BMC Pregnancy Childbirth 2019 Aug 7;19(1):282. Epub 2019 Aug 7.

Maternal-Infant Studies Center (CEMI), San Juan, Puerto Rico.

Background: Until recently, Zika virus (ZIKV) infections were considered mild and self-limiting. Since 2015, they have been associated with an increase in microcephaly and other birth defects in newborns. While this association has been observed in case reports and epidemiological studies, the nature and extent of the relationship between ZIKV and adverse pregnancy and pediatric health outcomes is not well understood. With the unique opportunity to prospectively explore the full spectrum of issues related to ZIKV exposure during pregnancy, we undertook a multi-country, prospective cohort study to evaluate the association between ZIKV and pregnancy, neonatal, and infant outcomes.

Methods: At research sites in ZIKV endemic regions of Brazil (4 sites), Colombia, Guatemala, Nicaragua, Puerto Rico (2 sites), and Peru, up to 10,000 pregnant women will be recruited and consented in the first and early second trimesters of pregnancy and then followed through delivery up to 6 weeks post-partum; their infants will be followed until at least 1 year of age. Pregnant women with symptomatic ZIKV infection confirmed by presence of ZIKV RNA and/or IgM for ZIKV will also be enrolled, regardless of gestational age. Participants will be tested monthly for ZIKV infection; additional demographic, physical, laboratory and environmental data will be collected to assess the potential interaction of these variables with ZIKV infection. Delivery outcomes and detailed infant assessments, including physical and neurological outcomes, will be obtained.

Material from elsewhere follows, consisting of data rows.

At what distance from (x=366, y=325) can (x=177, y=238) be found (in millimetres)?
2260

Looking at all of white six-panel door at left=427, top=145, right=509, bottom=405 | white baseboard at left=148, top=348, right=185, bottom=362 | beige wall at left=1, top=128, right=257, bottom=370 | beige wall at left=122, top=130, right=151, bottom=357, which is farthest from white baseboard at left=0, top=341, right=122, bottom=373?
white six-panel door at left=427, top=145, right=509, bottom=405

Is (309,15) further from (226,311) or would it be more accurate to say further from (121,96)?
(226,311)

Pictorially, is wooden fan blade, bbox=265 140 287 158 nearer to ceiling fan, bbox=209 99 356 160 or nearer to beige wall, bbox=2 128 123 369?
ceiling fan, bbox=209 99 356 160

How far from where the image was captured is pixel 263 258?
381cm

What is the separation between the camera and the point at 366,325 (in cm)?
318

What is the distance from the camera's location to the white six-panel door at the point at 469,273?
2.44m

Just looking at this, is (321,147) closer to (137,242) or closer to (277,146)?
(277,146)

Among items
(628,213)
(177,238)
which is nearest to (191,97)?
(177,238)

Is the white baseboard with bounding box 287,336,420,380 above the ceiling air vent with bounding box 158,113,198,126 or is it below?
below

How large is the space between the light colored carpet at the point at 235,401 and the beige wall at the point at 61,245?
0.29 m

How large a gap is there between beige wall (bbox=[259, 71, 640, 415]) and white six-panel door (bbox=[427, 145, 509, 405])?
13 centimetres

Discussion: With the emergence of ZIKV in the Americas and its association with adverse pregnancy outcomes in this region, a much better understanding of the spectrum of clinical outcomes associated with exposure to ZIKV during pregnancy is needed. This cohort study will provide information about maternal, fetal, and infant outcomes related to ZIKV infection, including congenital ZIKV syndrome, and manifestations that are not detectable at birth but may appear during the first year of life. In addition, the flexibility of the study design has provided an opportunity to modify study parameters in real time to provide rigorous research data to answer the most critical questions about the impact of congenital ZIKV exposure.

Trial Registration: NCT02856984 . Registered August 5, 2016. Retrospectively registered.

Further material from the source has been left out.